# [Activity]
Collect from the data below each line with "Home".

# [Data shown]
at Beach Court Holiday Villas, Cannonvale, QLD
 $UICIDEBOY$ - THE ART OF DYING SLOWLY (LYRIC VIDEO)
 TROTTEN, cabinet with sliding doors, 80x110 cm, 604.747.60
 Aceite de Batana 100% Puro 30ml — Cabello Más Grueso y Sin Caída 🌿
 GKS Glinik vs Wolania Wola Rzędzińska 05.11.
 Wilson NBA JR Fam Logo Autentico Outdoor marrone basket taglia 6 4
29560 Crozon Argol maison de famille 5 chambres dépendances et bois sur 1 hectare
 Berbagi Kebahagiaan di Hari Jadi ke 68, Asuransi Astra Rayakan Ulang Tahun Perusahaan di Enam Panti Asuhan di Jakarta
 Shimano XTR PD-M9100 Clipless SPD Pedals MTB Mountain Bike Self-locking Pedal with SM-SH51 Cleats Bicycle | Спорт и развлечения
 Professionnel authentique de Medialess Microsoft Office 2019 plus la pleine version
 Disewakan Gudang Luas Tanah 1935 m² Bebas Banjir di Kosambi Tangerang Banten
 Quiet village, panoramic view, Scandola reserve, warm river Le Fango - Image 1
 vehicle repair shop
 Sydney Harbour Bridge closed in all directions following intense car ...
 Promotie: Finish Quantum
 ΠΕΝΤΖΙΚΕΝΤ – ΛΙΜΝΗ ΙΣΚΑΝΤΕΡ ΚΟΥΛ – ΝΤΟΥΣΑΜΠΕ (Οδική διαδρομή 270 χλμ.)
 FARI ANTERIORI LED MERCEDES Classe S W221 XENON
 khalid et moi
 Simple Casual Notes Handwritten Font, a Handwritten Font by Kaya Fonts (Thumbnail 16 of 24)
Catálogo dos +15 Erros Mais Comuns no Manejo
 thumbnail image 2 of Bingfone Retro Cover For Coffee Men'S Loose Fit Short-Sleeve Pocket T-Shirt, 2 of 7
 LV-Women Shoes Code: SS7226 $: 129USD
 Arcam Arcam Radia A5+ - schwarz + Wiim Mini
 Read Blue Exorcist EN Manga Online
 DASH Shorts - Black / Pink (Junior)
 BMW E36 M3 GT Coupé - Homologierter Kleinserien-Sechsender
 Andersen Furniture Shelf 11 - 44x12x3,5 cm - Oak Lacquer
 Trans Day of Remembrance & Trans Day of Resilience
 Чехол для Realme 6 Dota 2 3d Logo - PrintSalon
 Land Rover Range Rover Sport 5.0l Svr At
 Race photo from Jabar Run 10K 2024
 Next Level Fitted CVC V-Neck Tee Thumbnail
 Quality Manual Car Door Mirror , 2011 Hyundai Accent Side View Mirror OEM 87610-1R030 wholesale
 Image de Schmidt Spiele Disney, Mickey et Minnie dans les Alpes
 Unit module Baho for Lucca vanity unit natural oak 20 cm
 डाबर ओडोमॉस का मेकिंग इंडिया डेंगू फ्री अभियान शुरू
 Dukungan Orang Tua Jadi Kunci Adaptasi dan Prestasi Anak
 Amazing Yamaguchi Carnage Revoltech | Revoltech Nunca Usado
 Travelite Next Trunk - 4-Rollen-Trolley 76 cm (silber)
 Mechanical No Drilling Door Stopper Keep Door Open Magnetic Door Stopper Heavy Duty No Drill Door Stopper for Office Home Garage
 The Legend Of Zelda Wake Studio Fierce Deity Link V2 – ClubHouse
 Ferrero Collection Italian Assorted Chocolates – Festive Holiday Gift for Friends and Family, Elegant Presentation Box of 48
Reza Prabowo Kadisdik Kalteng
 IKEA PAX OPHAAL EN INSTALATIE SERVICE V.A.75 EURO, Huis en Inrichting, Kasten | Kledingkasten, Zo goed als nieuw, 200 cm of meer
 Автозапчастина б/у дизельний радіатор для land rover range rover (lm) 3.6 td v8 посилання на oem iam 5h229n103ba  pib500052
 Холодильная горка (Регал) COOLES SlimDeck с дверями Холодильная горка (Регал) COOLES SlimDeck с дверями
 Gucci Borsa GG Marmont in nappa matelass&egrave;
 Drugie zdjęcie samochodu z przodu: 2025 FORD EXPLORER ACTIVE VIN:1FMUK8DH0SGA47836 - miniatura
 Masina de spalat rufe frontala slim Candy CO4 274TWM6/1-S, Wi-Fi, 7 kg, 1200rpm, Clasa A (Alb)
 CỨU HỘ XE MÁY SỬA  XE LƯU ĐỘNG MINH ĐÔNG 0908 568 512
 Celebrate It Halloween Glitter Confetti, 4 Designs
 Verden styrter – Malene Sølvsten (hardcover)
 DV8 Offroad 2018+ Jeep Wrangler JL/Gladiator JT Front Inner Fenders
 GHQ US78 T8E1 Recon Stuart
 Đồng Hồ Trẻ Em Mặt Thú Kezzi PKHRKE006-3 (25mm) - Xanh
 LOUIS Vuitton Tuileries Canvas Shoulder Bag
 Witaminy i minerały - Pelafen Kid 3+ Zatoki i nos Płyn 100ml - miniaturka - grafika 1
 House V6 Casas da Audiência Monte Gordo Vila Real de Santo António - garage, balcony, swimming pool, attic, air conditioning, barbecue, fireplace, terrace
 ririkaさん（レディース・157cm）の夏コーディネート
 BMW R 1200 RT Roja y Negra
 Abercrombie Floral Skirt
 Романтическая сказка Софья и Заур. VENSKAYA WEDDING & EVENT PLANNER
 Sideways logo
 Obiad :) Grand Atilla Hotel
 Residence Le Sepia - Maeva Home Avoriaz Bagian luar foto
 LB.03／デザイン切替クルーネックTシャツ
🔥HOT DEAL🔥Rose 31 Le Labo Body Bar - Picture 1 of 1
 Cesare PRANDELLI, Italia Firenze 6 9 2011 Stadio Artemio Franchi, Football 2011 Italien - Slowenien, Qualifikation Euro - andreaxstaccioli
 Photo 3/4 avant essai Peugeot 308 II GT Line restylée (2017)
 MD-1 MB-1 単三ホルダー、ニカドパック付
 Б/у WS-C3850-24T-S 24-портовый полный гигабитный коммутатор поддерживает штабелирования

# [Written solution]
 Mechanical No Drilling Door Stopper Keep Door Open Magnetic Door Stopper Heavy Duty No Drill Door Stopper for Office Home Garage
 Residence Le Sepia - Maeva Home Avoriaz Bagian luar foto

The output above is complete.